Monday News: Twitter is tracking you, Yahoo sells Flickr images, Jacqueline Woodson interview, and video game marries tradition and technology
How to stop Twitter from seeing what mobile apps you’ve installed — Unless you have intentionally blocked access, Twitter is now tracking the apps you have installed on your mobile phone. This Gigaom post provides instructions on how to block Twitter from doing this for both iOs and Android devices.
According to Twitter, this indexing is being done to help“build a more tailored experience for you on Twitter” — in other words, to come up with recommended content you might be interested in. It plans to do this by a) using the apps to help improve “who to follow” suggestions by comparing the apps you have to those other users have, b) adding “tweets, accounts or other content to your timeline” that Twitter thinks you’ll find interesting, and c) showing you what it thinks will be more relevant “promoted content,” otherwise known as advertising. — Gigaom
Fight Over Yahoo’s Use of Flickr Photos — Yahoo is selling images uploaded by Flickr users that have a Creative Common (aka “CC) license. While some amateur photographers are happy to see their work being distributed more broadly, others feel that they are being unfairly exploited, since Yahoo is monetizing their work without paying them, Although perfectly legal, this practice is not universal:
A competing photo-sharing site, 500px, helps photographers sell digital copies of their work and keep up to 70% of the revenue. Only about 100,000 photos on its site of around 50 million are licensed using Creative Commons, and 500px doesn’t sell them. The site’s co-founder, Evgeny Tchebotarev, said Yahoo’s decision to sell those images violates users’ intent. Even if legal, “it doesn’t make it moral from our standpoint,” Mr. Tchebotarev said.
Another site, DeviantArt, has more than 50 million Creative Commons-licensed images and lets artists share revenue from poster sales. CEO Angelo Sotira said Yahoo’s move “shows a lack of respect and is a disservice to the notion of open distribution on the Internet.” — Wall Street Journal
Four Questions for…Jacqueline Woodson — Although she has been nominated for a National Book Award three times, this win for Brown Girl Dreaming was particularly sweet because it was unanimous. Woodson talks about her reaction to the news and the appeal of her book and the other nominees:
Of the five finalists in the Young People’s Literature category, three of the books deal with race and the struggle for civil rights in the mid-20th century. Why are such books resonating with readers?

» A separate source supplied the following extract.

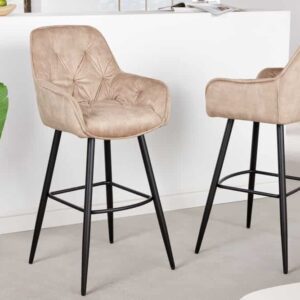 Design barkruk MILANO champagne fluwelen barstoel met Chesterfield quilting - 41958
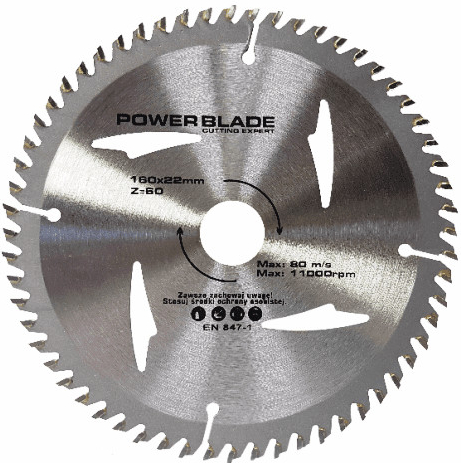 Mar-Pol pílový kotúč 160 mm x 22 mm x 60 zubová Power Blade M09056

Readers are hungry to have their stories in the world, to see mirrors of themselves if the stories are about people like them and to have windows if the stories are about people who have been historically absent in literature. People want to know and understand each other across lines of race, class, gender, sexuality, ability. Stories that finally reflect (and are well written) can’t do anything other than resonate. — Publishers Weekly
Updating Centuries-Old Folklore With Puzzles And Power-Ups — A very cool video game project that is aimed at keeping the Native Alaskan storytelling traditions alive for the younger generations, this partnership with the Cook Inlet Tribal Council has also provided an opportunity to contemplate the nature of storytelling and change:
[We found] that the last living person to tell the story was a master storyteller named Robert Cleveland. Amy and her team did an amazing job and they located the oldest living offspring of Robert — a woman named Minnie Gray who is in her 80s, I believe. They discovered that Minnie lived just a few blocks from the Cook Inlet Tribal Council headquarters. And we brought her in and we were able to start a series of conversations with her. We introduced her to the team and what we wanted to do. And we were delighted when she really was encouraging us not only to use her father’s story for inspiration, but to adapt it and evolve it for the game context. One of the things she taught us was that storytelling is not a fixed act. Different storytellers bring their own sensibilities and their own attitudes and they change a story based on the context and the situation. So she said that based on the work we had done so far, she felt that it was clear that we were handling this appropriately and that we were doing what we needed to do. — NPR
Never Alone is FABULOUS — gorgeous to look at and listen to, and yes yes yes to more content from more sources!